AIM OF THE TASK: Taking only the lines of the data below from the line with "Κουτί ψωμιού Joseph" to the line with "China 100% New", ends included, write them out exactly and without pictures.

INFORMATION SUPPLIED:
........
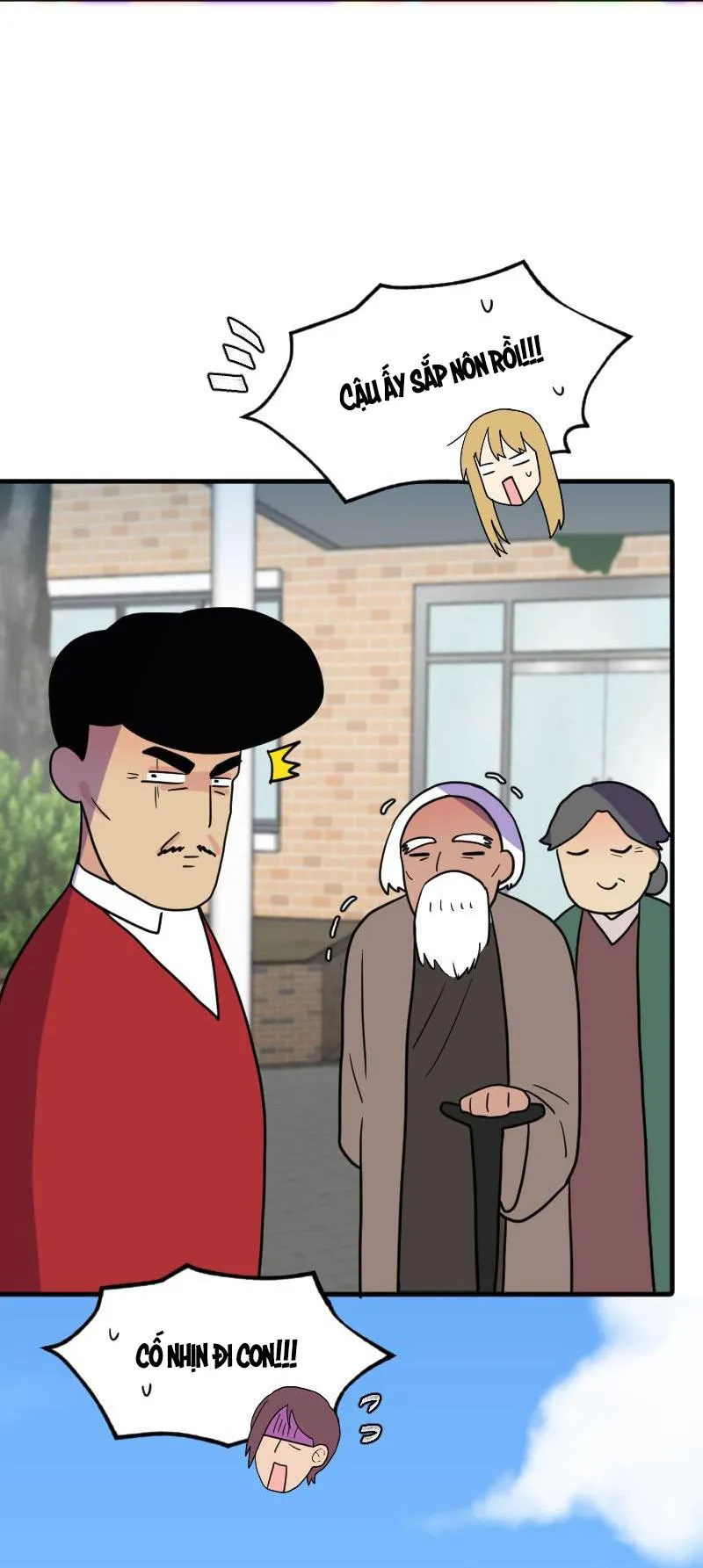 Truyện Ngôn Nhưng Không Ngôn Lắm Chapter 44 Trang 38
........
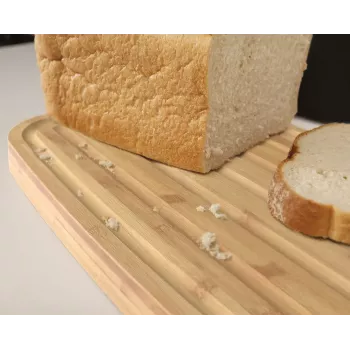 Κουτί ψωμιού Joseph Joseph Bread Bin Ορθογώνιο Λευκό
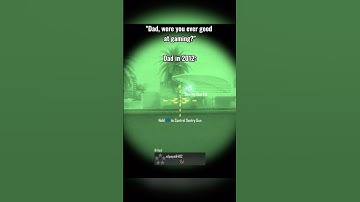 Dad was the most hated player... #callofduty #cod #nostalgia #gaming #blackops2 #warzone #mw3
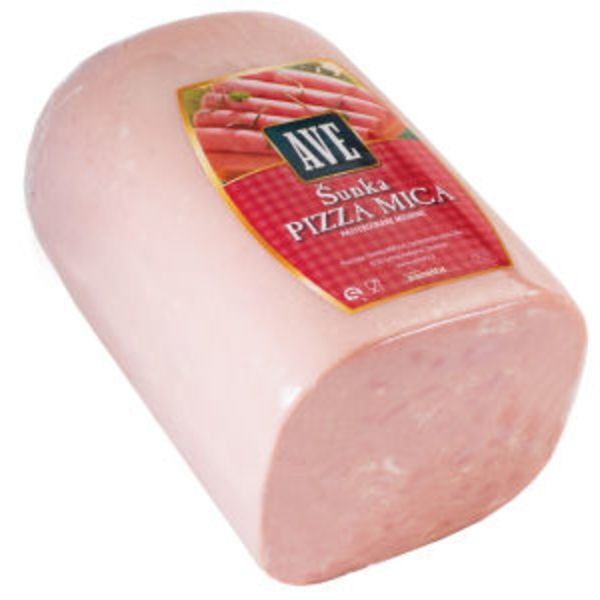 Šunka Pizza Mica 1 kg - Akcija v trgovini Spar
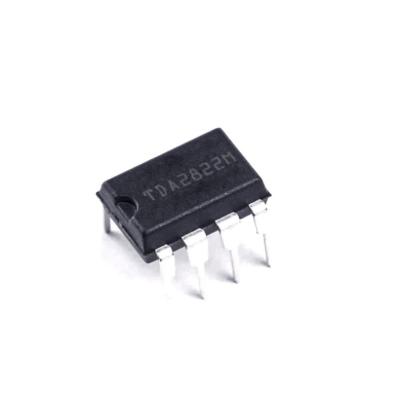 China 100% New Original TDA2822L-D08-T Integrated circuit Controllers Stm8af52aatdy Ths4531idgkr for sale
........
SOLUTION TO THE EXERCISE:
 Κουτί ψωμιού Joseph Joseph Bread Bin Ορθογώνιο Λευκό
 Dad was the most hated player... #callofduty #cod #nostalgia #gaming #blackops2 #warzone #mw3
 Šunka Pizza Mica 1 kg - Akcija v trgovini Spar
 China 100% New Original TDA2822L-D08-T Integrated circuit Controllers Stm8af52aatdy Ths4531idgkr for sale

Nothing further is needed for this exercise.